With his receding, reddish hair and spindly frame, no one could say that he looked Welsh. On the other hand, it is impossible to spend more than five minutes in his company without realising that he comes from Wales, and that when God created the world, Wales was the part in which he set about his work with the greatest enthusiasm.

No, Dai's Welshness is founded less on linguistic oddity than enraptured cultural affiliation, manifesting itself in a steely determination to separate Cambrian wheat from Anglian chaff. The presence of the sports section of a Sunday newspaper is, for Dai, an opportunity to remark that there never was a rugby club like Llanelli, and there never was a football team like Swansea City. The prospect of a general election is a valuable reminder that politics began with Lloyd George and ended with Neil Kinnock, while offering valuable supporting roles for Aneurin Bevan and a turncoat's cameo for the late Lord Jenkins ("a traitor", according to Dai, who "forgot where he came from").
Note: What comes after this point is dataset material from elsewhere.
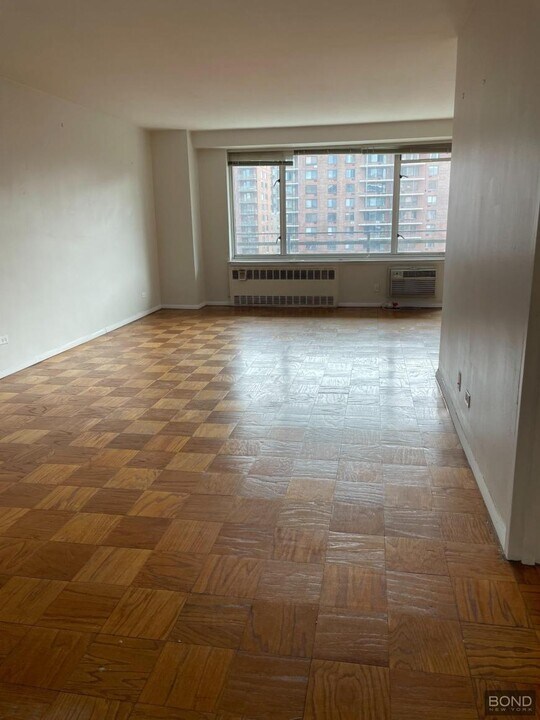 392 Central Prk W in New York, NY - Building Photo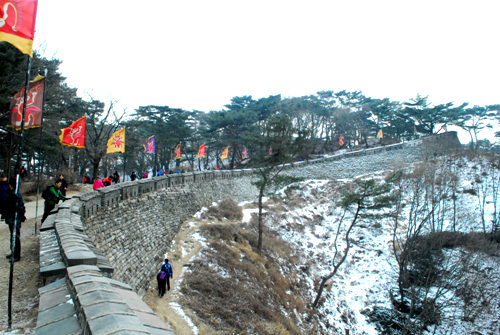 사적 제57호 남한산성의 수어장대로 오르는 길의 성곽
And, once the merits of Dylan Thomas, Max Boyce, Tom Jones, How Green Was My Valley and the Manic Street Preachers have been loudly asseverated, and leeks introduced to any casserole then cooking, there is the pleasant task of identifying fellow nationals not generally known to be Welsh. To inform his listeners that, for example, Stephen Fry spent part of his childhood near Pontypool, or that Dame Judi Dench was christened Angharad is Dai's delight, even if these revelations are sometimes not immediately verifiable.

A genial, talkative man, never shy of the apt geographical comparison ("It's all very fine," he will say, if taken to a Lakeland beauty spot, "but you should see the Wye Valley at this time of year"), he is, curiously enough, discomfited only in the company of other Welshmen. It was one of these, a man from Rhyl, who, addressing him in Welsh and getting no reply, suggested that, in actual fact, Dai was born somewhere in Herefordshire and that the name on his birth certificate is Kevin.